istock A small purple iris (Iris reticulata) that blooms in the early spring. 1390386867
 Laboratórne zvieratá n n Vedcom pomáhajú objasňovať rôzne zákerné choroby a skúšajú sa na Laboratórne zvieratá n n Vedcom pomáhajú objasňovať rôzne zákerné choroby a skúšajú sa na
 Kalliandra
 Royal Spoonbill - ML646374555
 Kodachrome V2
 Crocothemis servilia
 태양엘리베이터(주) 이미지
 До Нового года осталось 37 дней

- [What is required] Reproduce every line above. Keep it exact.

- [Written response]
istock A small purple iris (Iris reticulata) that blooms in the early spring. 1390386867
 Laboratórne zvieratá n n Vedcom pomáhajú objasňovať rôzne zákerné choroby a skúšajú sa na Laboratórne zvieratá n n Vedcom pomáhajú objasňovať rôzne zákerné choroby a skúšajú sa na
 Kalliandra
 Royal Spoonbill - ML646374555
 Kodachrome V2
 Crocothemis servilia
 태양엘리베이터(주) 이미지
 До Нового года осталось 37 дней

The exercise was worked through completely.